Effectively using Delphi to read unknown-sized blocks from a file

Question

In the past, I have seen this work, but I never really understood how it should be done.
Assume we have a file of known data types, but unknown length, like a dynamic array of TSomething, where

type
  TSomething = class
    Name: String;
    Var1: Integer;
    Var2: boolean;
  end;

The problem, though, is that this object type may be extended in the future, adding more variables (e.g. Var3: String).
Then, files saved with an older version will not contain the newest variables.
The File Read procedure should somehow recognize data in blocks, with an algorithm like:

procedure Read(Path: String)
begin
  // Read Array Size
  //   Read TSomething --> where does this record end? May not contain Var3!
  //   --> how to know that the next data block I read is not a new object?
end;

I have seen this work with BlockRead and BlockWrite, and I assume each object should probably write its size before writing itself in the file, but I would appreciate an example (not necessarily code), to know that I am thinking towards the right direction.

Related readings I have found:
SO - Delphi 2010: How to save a whole record to a file?
Delphi Basics - BlockRead
SO - Reading/writing dynamic arrays of objects to a file - Delphi
SO - How Can I Save a Dynamic Array to a FileStream in Delphi?

score 7 · Accepted Answer · answered Oct 03 '13 at 06:50

In order to make this work, you need to write the element size to the file. Then when you read the file, you read that element length which allows you to read each entire element, even if your program does not know how to understand all of it.

In terms of matching up your record with the on-disk record that's easy enough if your record only contains simple types. In that scenario you can read from the file Min(ElementLength, YourRecordSize) bytes into your record.

But it does not look as though you actually have that scenario. Your record is in fact a class and so not suitable for memory copying. What's more, its first member is a string which is most definitely not a simple type.

Back in the day (say the 1970s), the techniques you described were how files were read. But these days programming has moved on. Saving structured data to files usually means using a more flexible and adaptable serialization format. You should be looking to using JSON, XML, YAML or similar for such tasks.

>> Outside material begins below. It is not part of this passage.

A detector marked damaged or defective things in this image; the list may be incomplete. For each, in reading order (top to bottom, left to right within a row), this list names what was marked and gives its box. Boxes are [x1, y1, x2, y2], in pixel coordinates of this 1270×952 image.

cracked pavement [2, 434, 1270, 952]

Thank you David. It is kind of objective, but I think you addressed both reading unknown sizes, and serialization. Thanks. — mavrosxristoforos, Oct 03 '13 at 07:15

score 5 · Answer 2 · answered Oct 03 '13 at 06:57

5

I'd say you need a method of versioning you file. That way you know what version of the record is contained in the file. Write it at the start of the file and then on reading, read in the version identifier first and then use the corresponding structure to read the rest.

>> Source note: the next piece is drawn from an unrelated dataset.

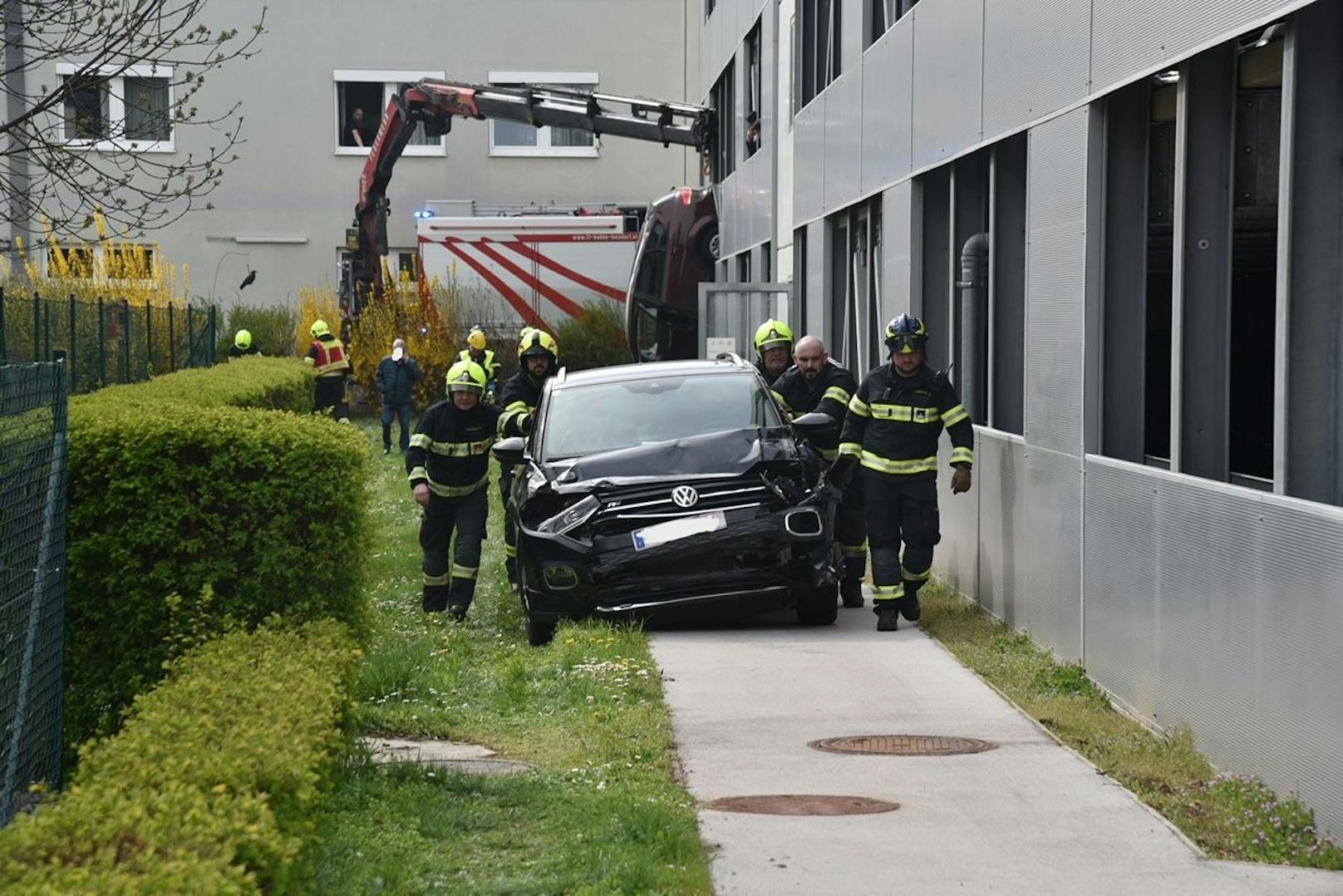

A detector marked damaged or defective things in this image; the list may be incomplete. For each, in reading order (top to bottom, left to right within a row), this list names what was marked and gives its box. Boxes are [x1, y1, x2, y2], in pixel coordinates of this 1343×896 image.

answered Oct 03 '13 at 06:57

Pieter B

1,874
10
22

This is the approach I use, and it works very well. A header at the front of the file that contains an ID to identify the file type, a version number to identify the layout of the file and type of record(s) used, and extra flags that control the interpretation of the record data without affecting how the data is read (character encodings, features, etc). – Remy Lebeau Oct 03 '13 at 07:05
@David, so you think that old program needs to know what data are in the file if you completely change the whole meaning of the used structure for instance ? I don't. I would simply tell the user he's out of luck and he should get a newer version of my program. – TLama Oct 03 '13 at 07:13
personally I prefer to write data in a more accesible format, I prefer xml, that way older versions of your program can read newer files. – Pieter B Oct 03 '13 at 07:15
Great. Thanks for all the suggestions. – mavrosxristoforos Oct 03 '13 at 07:16
1

@TLama No I don't think that and never said so. The old file just needs to know **how** to skip the info it does not understand. A single version is not enough. More structure is needed. My program's binary file can be read by ancient versions. – David Heffernan Oct 03 '13 at 07:19
1

A version info in the header is sufficient, as the interpretation of the ta can easily be done in code. It just requires a well organized reader. I would recommend a simple factory which retrieves an adequate reader for a given version number. Obviously and usually, the reader for version X is derived from the reader of version X-1. So there is very little coding in each reader. – alzaimar Oct 03 '13 at 08:21
@alzaimar Version info that describes or encodes how to read the file, and how to skip the unknown content will work. A plain version number is not enough though. – David Heffernan Oct 03 '13 at 08:23
A 'version number' is identical to 'version info'. It might be more readable to use a 'version info', but technically, both attempts identify a unique way of treating (i.e. reading, interpreting and writing) the data. Please read my solution further down. Thx. – alzaimar Oct 03 '13 at 08:31
@alzaimar Your "solution" is identical to this. Adding just a version number won't allow old programs to read files from newer versions of the program. – David Heffernan Oct 03 '13 at 09:35
@DavidHeffernan: in my case, the file version is incremented when the file structure changes in a way that affects reading. All fields are important, so older app versions cannot skip them. The app verifies the file version, prompts the user if the version is not recognized, then adjusts its reading (record types, record sizes, etc) based on which version is being read. Switching character data from Ansi to UTF8, local timestamps to UTC timestamps, etc can be handled with header/record flags since they don't change the reading, only the interpretation of the data. – Remy Lebeau Oct 03 '13 at 15:27

score 1 · Answer 3 · answered Oct 03 '13 at 06:56

If I understand you correctly your main issue is if TSomething changes. Most important thing is that you need to add version info into your file, this you really cannot avoid.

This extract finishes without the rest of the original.